Look Up! The Orionid Meteor Shower Peaks Overnight
Jason Jenkins photographed this 45-minute composite shot of the Orionid meteor shower on October 20, 2012. You can also see Jupiter at far left and the Pleiades near the center of the frame. Image credit: Jason Jenkins via Flickr // CC BY-SA 2.0
Look up late tonight, October 20, and you will be treated to a veritable fusillade of meteors hurled by the phantom limbs of Halley's comet. The Orionid meteor shower has been active in the night sky for the past couple of days, and it will continue blasting streaks of light for a few days yet. Tonight, however, is the big night, when the shower peaks and thus puts on the best show. If the sky is clear and the light pollution in your area low, you might catch up to 20 meteors per hour. These numbers might have been better if not for some particularly bright moonlight—the very same moonlight that made last weekend's super hunter's moon so spectacular.

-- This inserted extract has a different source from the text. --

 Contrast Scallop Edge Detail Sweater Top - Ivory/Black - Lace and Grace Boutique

If you don't want to stay up all night, another way to see the best of the Orionid meteor shower is to wake before dawn tomorrow, October 21, when the Earth is still bundled in the blanket of night and the waking world has yet to stir. It's just you, a dark sky, and the serene thrill of the shooting star.
MYSTERIOUS HALLEY
Halley's Comet crossing the Milky Way, photographed from the Kuiper Airborne Observatory, C141 aircraft, in April 1986. Image credit: NASA
The Orionids are a parting gift from the comet Halley, which visits the Earth every 75 to 76 years. As the comet goes about its orbit, it leaves behind a trail of dust- and sand-sized particles. When the Earth passes through that debris field, those particles slam into our atmosphere at tens of thousands of miles per hour, generating terrific streaks of light as they burn away. So it is with every meteor shower, regardless of origin.

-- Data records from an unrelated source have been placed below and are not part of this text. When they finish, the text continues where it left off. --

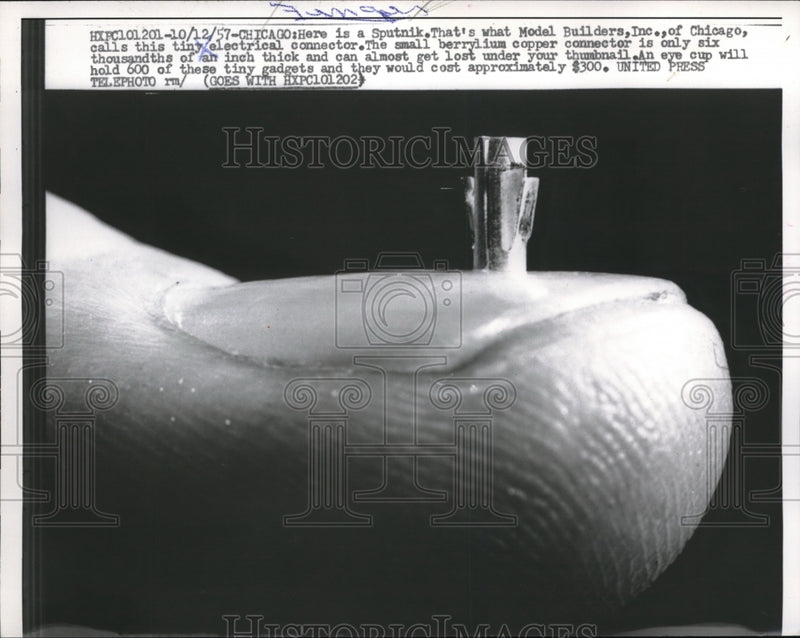Load image into Gallery viewer, 1957 Media Photo Chicago Model Builders Inc call this tiny electrical
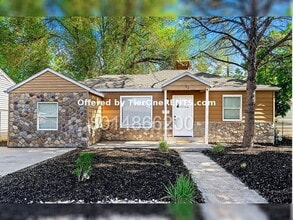 Building Photo - Move-in special: $500 off First months rent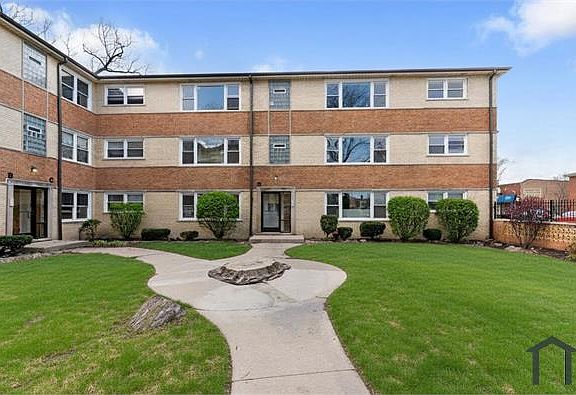 2nd image of 7900 S Merrill Ave #1C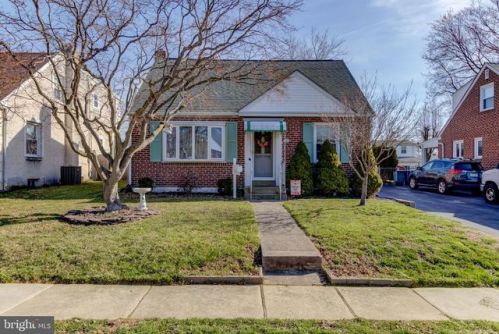 413 Lindsay St, Ridley Park, PA 19078-3607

Halley's Comet might be the most famous object of its kind, and remains one of the best studied. On its last visit, in 1986, nations of the world even sent spacecraft to observe it up close. Though NASA opted to sit that one out, Bob Farquhar, one of the agency's mission designers, committed a kind of act of space piracy when he sent the ISEE-3 space weather satellite—which had been launched for an entirely different mission—on a wildly complicated trajectory that not only allowed the U.S. to encounter the comet, but to make first contact. When a comet inspires spacecraft theft, you know it's important.
And yet for all the centuries that we've been studying it, the finer points of comet Halley's orbit remain shrouded in mystery. The problem of calculating its precise orbit is that its internal processes, coupled with the influence of planets and smaller celestial bodies, throw the math off very quickly. The upshot is that the timescale over which the comet's orbit can be predicted accurately is extremely short.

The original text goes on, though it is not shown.